Delays sending email in our Asia Pacific (R3) region
Incident Report for Dotdigital
Postmortem

RCA: Delays sending email in our Asia Pacific (R3) region

Summary of impact:

At approximately 00:16 UTC on Tuesday 12th July 2022, customers in our APAC region may have experienced delays in sending campaign emails, test sends and receiving verification emails. Any delayed emails were held in a queue and sent successfully once the issue was resolved. We restored services to normal at 03:05 UTC.

Root Cause:

We use a DNS recursor service for looking up domains prior to sending email to them. Due to a large number of requests, the service entered a throttled state. This meant our sending service couldn’t look up domains in a timely way which caused delays in emails being sent.

Mitigation:

A summarized timeline of events (all times in UTC):

  • 00:20: We were alerted to the issue and begun investigating
  • 01:10: We began a rolling restart of some of our backend services
  • 02:20: We identified that the delays were likely due to issues resolving domain names
  • 02:30: We determined our DNS recursor service had become throttled
  • 02:34: We added additional DNS resolvers to our mail servers and removed the under performing DNS recursor from our configuration
  • 02:40: We observed an improvement in DNS lookups and delayed emails began to send successfully 
  • 02:55: We restarted our DNS recursor server
  • 02:58: We added our DNS recursor server back to configuration

Next Steps:

In order to prevent future issues, we’ll:

  • Review DNS lookup configuration and make changes where appropriate to increase resilience.
  • Enhance logging and monitoring to better monitor for DNS throttling issues and their impact to messaging queues.
Posted Jul 12, 2022 - 14:53 BST

Resolved
Email sending is now fully back to normal in our Asia Pacific (R3) region.
Posted Jul 12, 2022 - 04:04 BST
Monitoring
A fix has been implemented and we're seeing delayed mail beginning to flow normally now.
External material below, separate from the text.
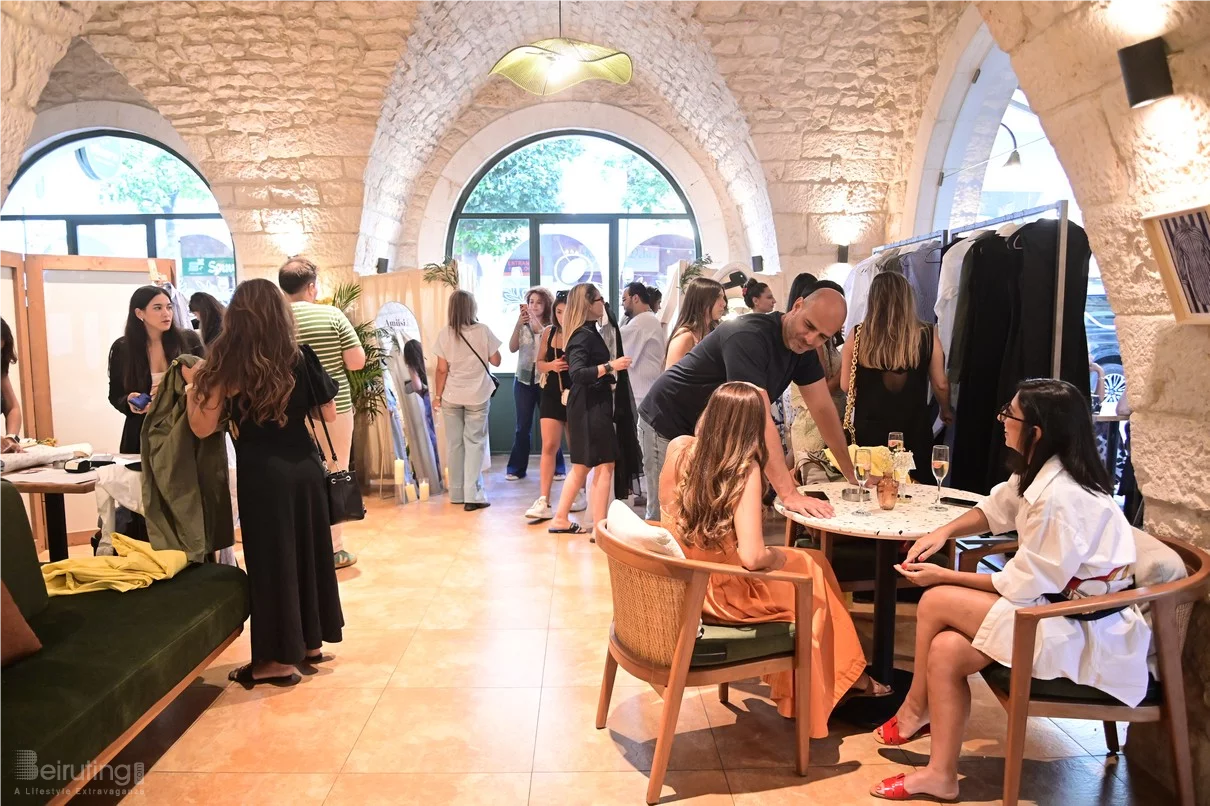 Amiisi Exclusive Pop Up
We'll continue to monitor to ensure that mail flow continues as expected.
Posted Jul 12, 2022 - 03:53 BST
Investigating
We're investigating delays with sending emails in our Asia Pacific region of Dotdigital (R3). Sorry if you're affected by this issue. Our tech team are working as quickly as possible to resolve it and get things back to normal. We'll share another update shortly.
Posted Jul 12, 2022 - 03:17 BST
This incident affected: Asia Pacific - Dotdigital R3 (Asia Pacific - Mail Sending).